Raleigh mulling projects due to economic free fall

| October 02, 2008

That $700 billion bailout bill in Congress probably isn't going to put any money in your pocket. But it is almost certainly going to put some in the coffers of your local government—which will help your tax rate down the line.

Raleigh City Manager Russell Allen was in New York City last week talking to rating agencies—Fitch, Moody's, Standard & Poor's—about the city's financial health and why it should continue to have top-flight, AAA-rated credit—which, he says, it almost certainly will continue to merit.

That's important because Raleigh has been planning to hit up the credit markets for $550 million to finance construction of a new police headquarters downtown and several "remote operations" service centers outside the city core. The latter are designed to deliver sanitation, roads, parks & rec and other services more cheaply to Raleigh's outskirts than is the case now; almost all of city government emanates from within a few blocks of City Hall.

But, Allen says, the city doesn't need the full $550 million right now; what it does need is a line of credit to pay for the early design work. When the real money is needed, the City Council has already authorized the issuance of city COPS (a form of bond debt known as "certificates of participation") to be repaid over two to six years.

Until Sept. 26, this line of credit approach was easy pickings for a AAA-rated municipal government like Raleigh. Money was available at low interest rates, and Raleigh had two big banks bidding for its business: Bank of America and Wachovia.

Since then, of course, Wachovia has gone away, "bought" for $2 a share by Citigroup, and the credit markets—including offers for commercial paper—have frozen. Whether the bailout bill will re-open the markets is a big question mark, Allen says, but he has his fingers crossed.

Meanwhile, he says, "we're studying our options," but currently they do not include going into the markets for money. Instead, Raleigh is drawing funds from its various capital reserve accounts, which it can do temporarily, but flush capital reserves are the reason Raleigh is rated AAA, so it doesn't want to hit them up for too long or too much.

If the markets stay frozen, then Raleigh will have to reconsider its big capital projects until they unfreeze, Allen says.

Perhaps the best indication of how the markets have changed in the past week is what has happened to Raleigh's variable-rate debt.
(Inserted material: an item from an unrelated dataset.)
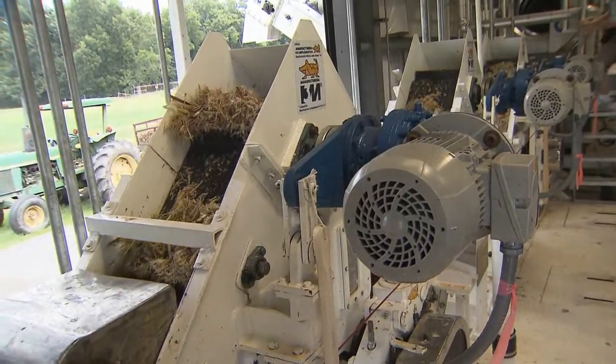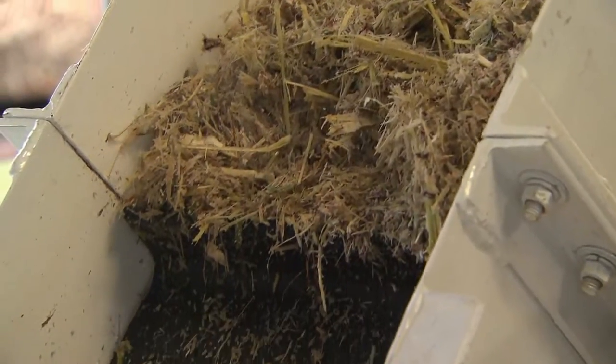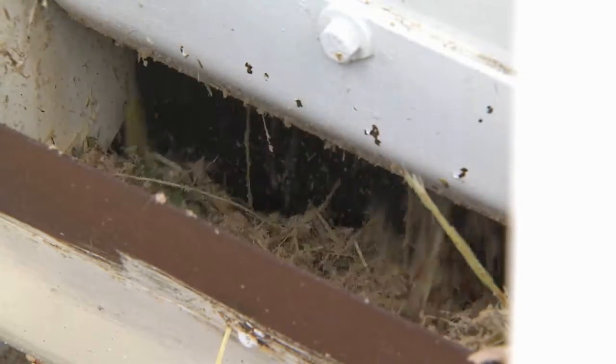With the whirl and hum of shredders and rollers, sweet sorghum made its way through a scaled-down version of a sugar mill. This plant at the LSU AgCenter's Audubon Sugar Institute is processing the sorghum to make biofuels and specialty chemicals.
Raleigh has been able to finance about 10 percent of its existing long-term debt on a week-to-week basis in the markets at rates of—are you ready?—1 1/2 percent to 2 percent.

Those rates have jumped to 5 percent to 7 percent, Allen says, higher than available long-term borrowing rates—which are supposed to be lower. "Right now, everything is topsy-turvy," Allen says.

When we talked, Allen was anticipating the Senate vote on the bailout bill; it passed last night by a 74-25 vote, and is expected to be taken up by the House tomorrow morning. Allen will be watching.

He remembers the late '70s, when he was managing towns in South Carolina and stagflation had pushed long-term borrowing rates above 10 percent. In the '80s, those debts were refinanced as long-term rates decreased—a reminder that what goes up eventually comes down. (Or so you hope if you're a municipal borrower.)

Allen's point is that when the short-term credit markets do revive, they probably won't be loaning money at 1 1/2 percent again soon. But if they "click up" by another point or two, such rates would still be relatively low in historical terms. But at the 7 percent mark, that's a fiscal problem and progress on projects slows.

Speaking of which, Wake County has pulled back on a $424 million bond issue it planned to sell in the now-frozen markets; it was intended to finance school and library construction work.

According to The New York Times, municipal borrowers all over the country find themselves shut out of the credit markets. They hope this bailout bill will pass—and that it will work.